Look for the string "Location" in the listing below and copy every line in which it appears.
◇ ◇ ◇ ◇
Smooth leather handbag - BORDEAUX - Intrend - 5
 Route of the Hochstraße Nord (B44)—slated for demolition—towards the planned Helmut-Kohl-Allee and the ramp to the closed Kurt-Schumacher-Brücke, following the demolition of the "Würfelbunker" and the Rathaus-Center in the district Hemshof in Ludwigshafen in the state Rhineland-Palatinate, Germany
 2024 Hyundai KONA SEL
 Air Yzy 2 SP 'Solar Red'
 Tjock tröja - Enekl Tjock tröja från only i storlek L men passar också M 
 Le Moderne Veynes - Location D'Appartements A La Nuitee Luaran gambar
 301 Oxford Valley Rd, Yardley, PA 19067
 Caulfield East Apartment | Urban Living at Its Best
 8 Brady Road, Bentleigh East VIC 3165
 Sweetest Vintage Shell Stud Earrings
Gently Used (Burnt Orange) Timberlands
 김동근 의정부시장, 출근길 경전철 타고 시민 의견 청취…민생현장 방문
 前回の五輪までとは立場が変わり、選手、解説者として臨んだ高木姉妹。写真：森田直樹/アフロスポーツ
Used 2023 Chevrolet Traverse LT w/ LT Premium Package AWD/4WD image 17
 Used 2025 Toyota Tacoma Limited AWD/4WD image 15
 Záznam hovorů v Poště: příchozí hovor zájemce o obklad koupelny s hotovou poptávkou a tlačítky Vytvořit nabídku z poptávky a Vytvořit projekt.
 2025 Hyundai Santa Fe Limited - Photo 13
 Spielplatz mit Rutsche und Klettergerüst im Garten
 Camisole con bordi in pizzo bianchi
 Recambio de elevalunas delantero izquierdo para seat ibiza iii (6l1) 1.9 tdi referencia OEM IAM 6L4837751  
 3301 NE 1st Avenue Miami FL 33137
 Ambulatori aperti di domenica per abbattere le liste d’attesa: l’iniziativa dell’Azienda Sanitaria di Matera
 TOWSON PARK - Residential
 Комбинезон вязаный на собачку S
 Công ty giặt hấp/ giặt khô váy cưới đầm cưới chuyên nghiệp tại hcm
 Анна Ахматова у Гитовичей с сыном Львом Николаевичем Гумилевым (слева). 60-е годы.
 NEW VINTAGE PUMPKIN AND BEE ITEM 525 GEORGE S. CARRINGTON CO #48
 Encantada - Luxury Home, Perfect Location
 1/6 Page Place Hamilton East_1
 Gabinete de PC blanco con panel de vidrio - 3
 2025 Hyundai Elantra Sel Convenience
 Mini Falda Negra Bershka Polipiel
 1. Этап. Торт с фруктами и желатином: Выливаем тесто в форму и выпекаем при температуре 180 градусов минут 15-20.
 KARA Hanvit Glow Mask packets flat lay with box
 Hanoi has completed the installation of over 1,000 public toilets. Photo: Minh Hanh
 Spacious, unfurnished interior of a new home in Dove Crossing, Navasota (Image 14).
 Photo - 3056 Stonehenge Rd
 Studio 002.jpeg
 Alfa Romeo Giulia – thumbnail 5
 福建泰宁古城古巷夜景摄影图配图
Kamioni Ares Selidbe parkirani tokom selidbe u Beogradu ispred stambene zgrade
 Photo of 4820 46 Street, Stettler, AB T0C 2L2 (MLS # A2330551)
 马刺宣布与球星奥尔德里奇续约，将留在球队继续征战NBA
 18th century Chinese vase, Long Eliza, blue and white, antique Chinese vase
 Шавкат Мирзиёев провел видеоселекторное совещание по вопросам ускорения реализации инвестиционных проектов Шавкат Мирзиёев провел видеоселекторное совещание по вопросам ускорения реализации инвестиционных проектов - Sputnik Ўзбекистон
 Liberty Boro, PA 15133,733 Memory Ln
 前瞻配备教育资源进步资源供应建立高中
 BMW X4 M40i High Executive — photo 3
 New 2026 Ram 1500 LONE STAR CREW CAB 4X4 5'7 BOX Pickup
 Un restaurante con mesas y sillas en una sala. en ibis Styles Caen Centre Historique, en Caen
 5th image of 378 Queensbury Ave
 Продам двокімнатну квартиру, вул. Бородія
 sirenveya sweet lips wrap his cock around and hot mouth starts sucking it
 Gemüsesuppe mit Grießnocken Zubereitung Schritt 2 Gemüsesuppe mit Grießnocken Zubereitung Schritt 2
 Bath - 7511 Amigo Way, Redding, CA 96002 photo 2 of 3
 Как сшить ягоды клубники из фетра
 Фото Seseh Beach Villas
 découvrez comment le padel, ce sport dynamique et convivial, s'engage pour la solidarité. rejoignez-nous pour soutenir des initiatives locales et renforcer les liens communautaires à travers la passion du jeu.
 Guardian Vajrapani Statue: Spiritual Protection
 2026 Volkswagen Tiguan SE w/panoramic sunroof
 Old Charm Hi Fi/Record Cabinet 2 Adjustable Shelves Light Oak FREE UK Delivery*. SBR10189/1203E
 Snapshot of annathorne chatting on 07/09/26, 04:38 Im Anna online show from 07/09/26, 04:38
◇ ◇ ◇ ◇
ANSWER BOX:
 Le Moderne Veynes - Location D'Appartements A La Nuitee Luaran gambar
 Encantada - Luxury Home, Perfect Location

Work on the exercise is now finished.